Weight Management Agents

Initial U.S. Approval:  2012

Mechanism of Action:

INDICATIONS AND USAGE:  BELVIQ is indicated as an adjunct to a reduced-calorie diet and increased physical activity for chronic weight management in adult patients with an initial body mass index (BMI) of:

30 kg/m2 or greater (obese), or
27 kg/m2 or greater (overweight) in the presence of at least one weight related comorbid condition (e.g., hypertension, dyslipidemia, type 2 diabetes)

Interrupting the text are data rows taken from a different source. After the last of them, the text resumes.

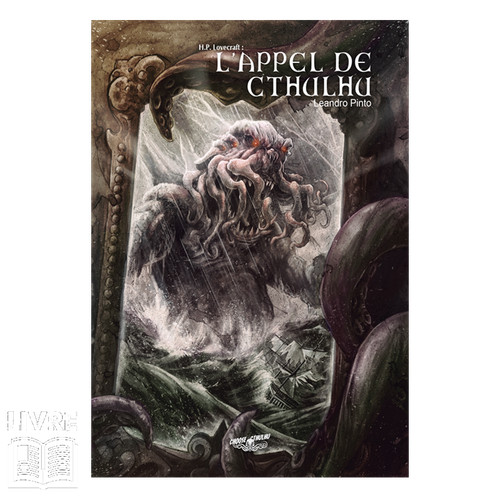 Choose cthulhu tome - tome,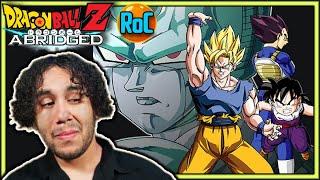 METAL ALIEN MAN  - DragonBall Z Abridged Return of Cooler BLIND REACTION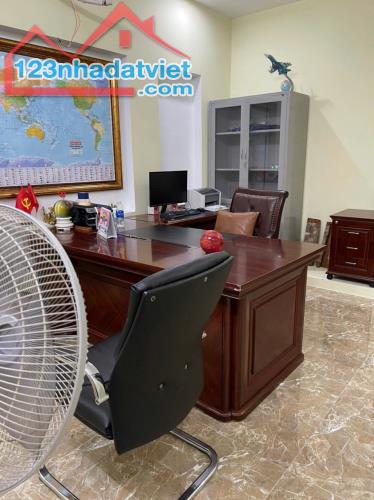 Bán BIỆT THỰ mặt tiền Vườn Lài Q12 ngang 13m 4 lầu có hầm 778m2 sát Gò Vấp chỉ 49 tỷ. - 4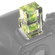Kirk SL-1 Double-Axis Hot Shoe Bubble Level: Picture 2 thumbnail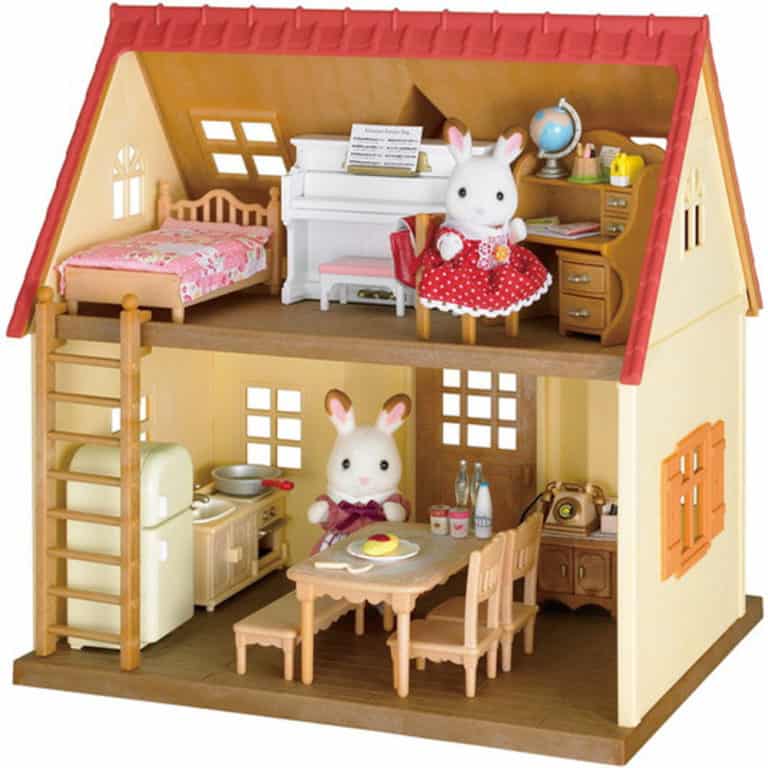 sylvanian dollhouse furniture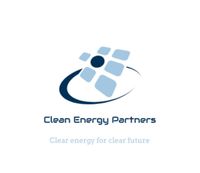 logo of the clean energy partners best solar maintenance company in las vegas 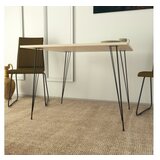 Hanah home Sto Sandalf Square Oak | ePonuda.com
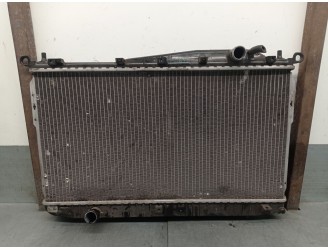 Recambio de radiador agua para chevrolet epica 2.0 cat referencia OEM IAM 96887351 96815276 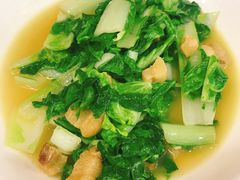 炒青菜-二扁私房面馆(崂山路店)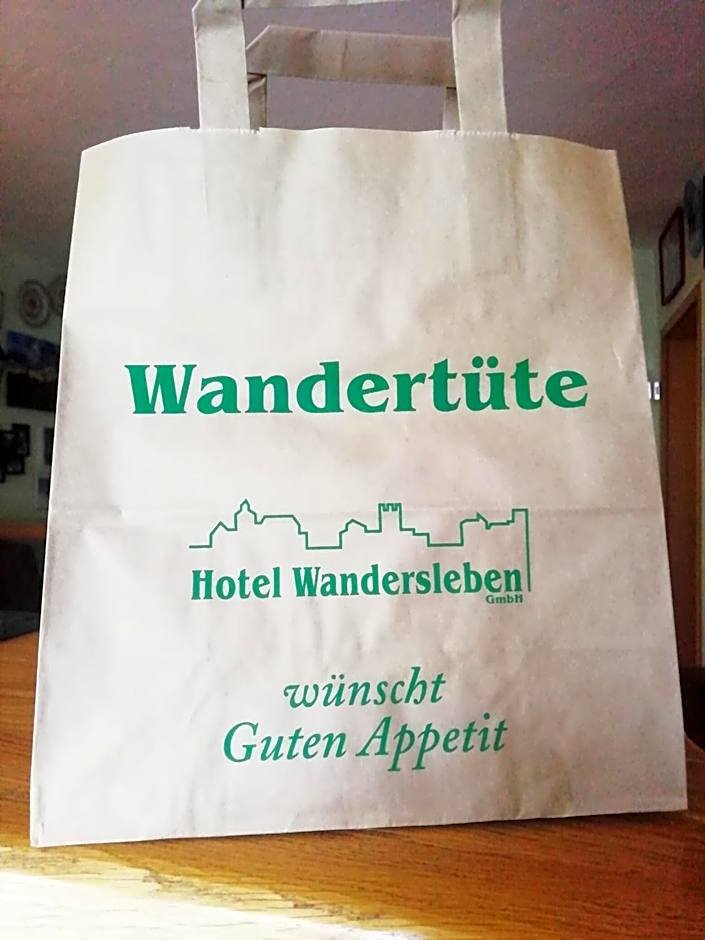 Hotel Wandersleben - Erfurt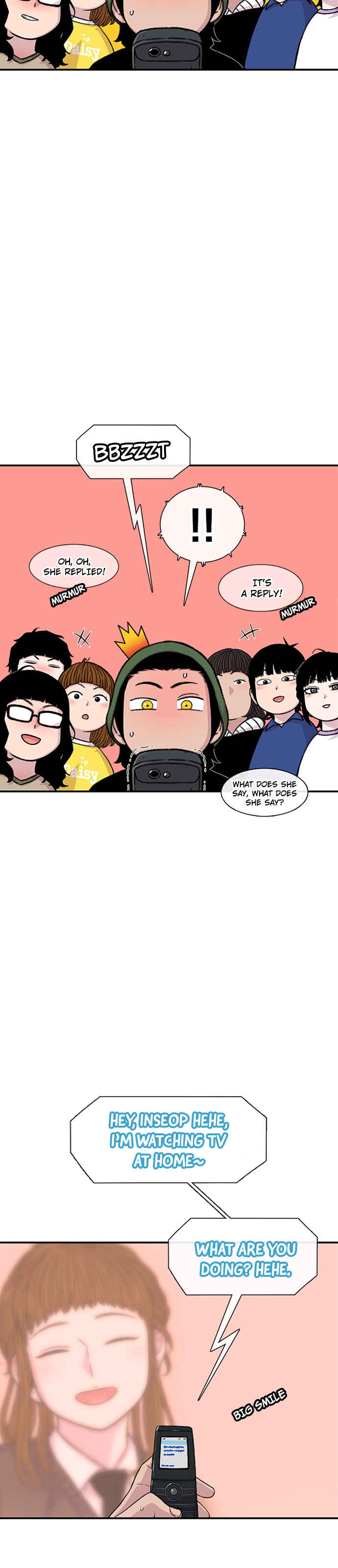 Byeorisamsyap Chapter 186 - Page 21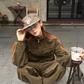 China Button Track Jacket WWP0010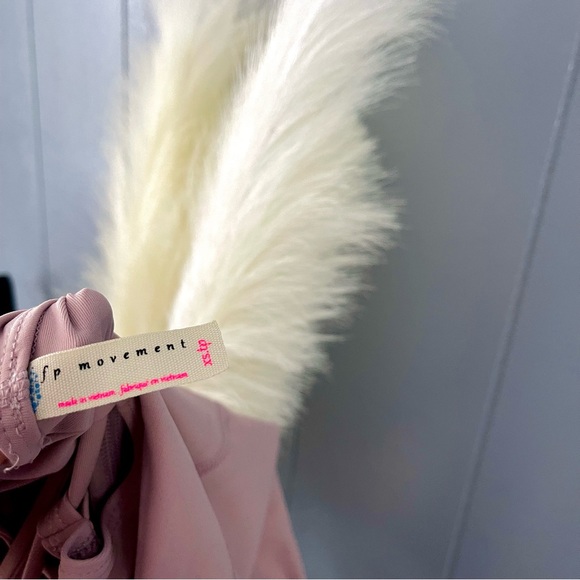 NWT Free People Athletic Bodysuit - Picture 4 of 4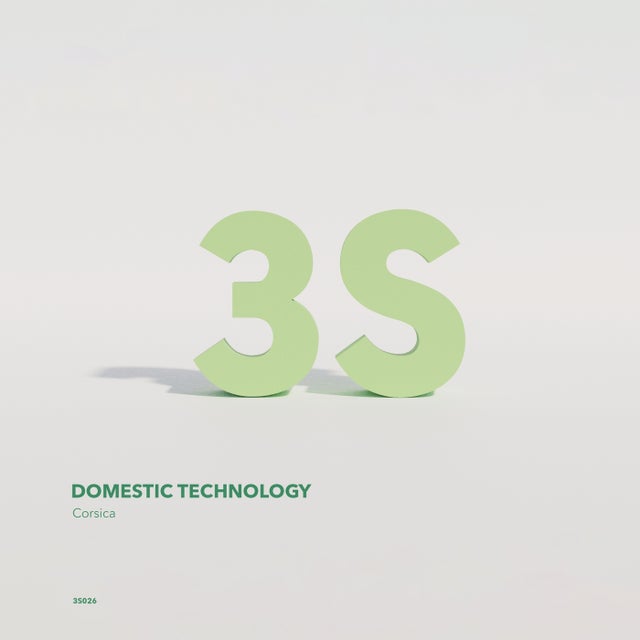 Corsica album art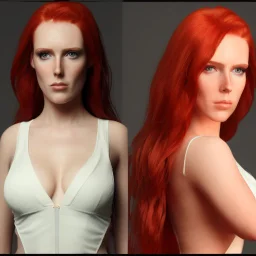 simone simons vocalist with poison ivy body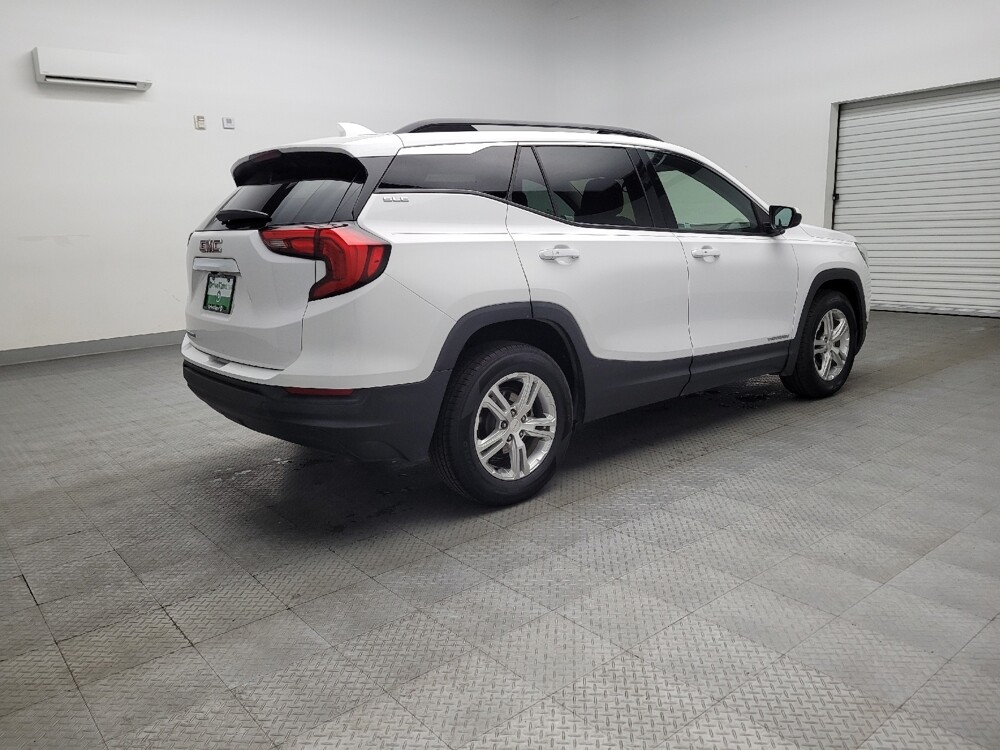 2018 GMC Terrain in El Paso, TX 79907 - 18071056 9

[see Dosage and Administration (2)]

Limitations of Use:
The safety and efficacy of coadministration of BELVIQ with other products intended for weight loss including prescription drugs (e.g., phentermine), over-the-counter drugs, and herbal preparations have not been established
The effect of BELVIQ on cardiovascular morbidity and mortality has not been established

DOSAGE AND ADMINISTRATION
The recommended dose of BELVIQ is 10 mg administered orally twice daily. Do not exceed recommended dose [see Warnings and Precautions (5.4) and Patient Counseling Information (17)].

BELVIQ can be taken with or without food.

Response to therapy should be evaluated by week 12. If a patient has not lost at least 5% of baseline body weight, discontinue BELVIQ, as it is unlikely that the patient will achieve and sustain clinically meaningful weight loss with continued treatment [see Clinical Studies (14)].

BMI is calculated by dividing weight (in kg) by height (in meters) squared.

A BMI chart for height in inches and weight in pounds is provided below:

Table 1. BMI Conversion Chart

HOW SUPPLIED:
BELVIQ is provided as blue, film-coated, 10 mg tablets. The tablets are round, biconvex, debossed with "A" on one side and "10" on the other side.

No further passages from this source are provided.